Material for the task below:
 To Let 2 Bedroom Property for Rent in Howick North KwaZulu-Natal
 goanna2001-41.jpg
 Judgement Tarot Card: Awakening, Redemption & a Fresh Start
End of Material for the task.
Material for the task below:
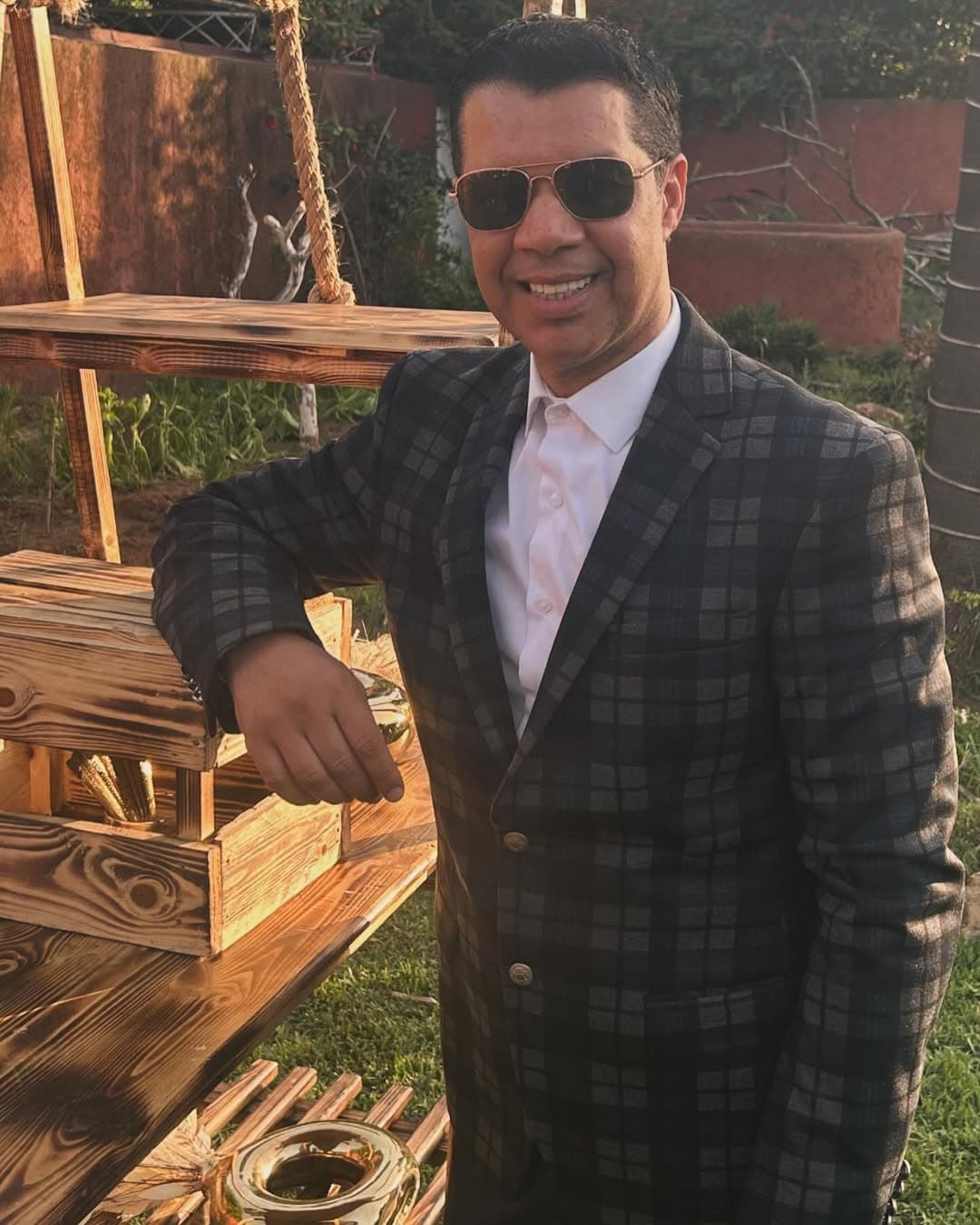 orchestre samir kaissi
End of Material for the task.
Could you restate word for word the lines above from the one containing "To Let 2 Bedroom" through the one containing "Judgement Tarot Card: Awakening, Redemption", both included, and nothing else?

▸ Exercise answer
 To Let 2 Bedroom Property for Rent in Howick North KwaZulu-Natal
 goanna2001-41.jpg
 Judgement Tarot Card: Awakening, Redemption & a Fresh Start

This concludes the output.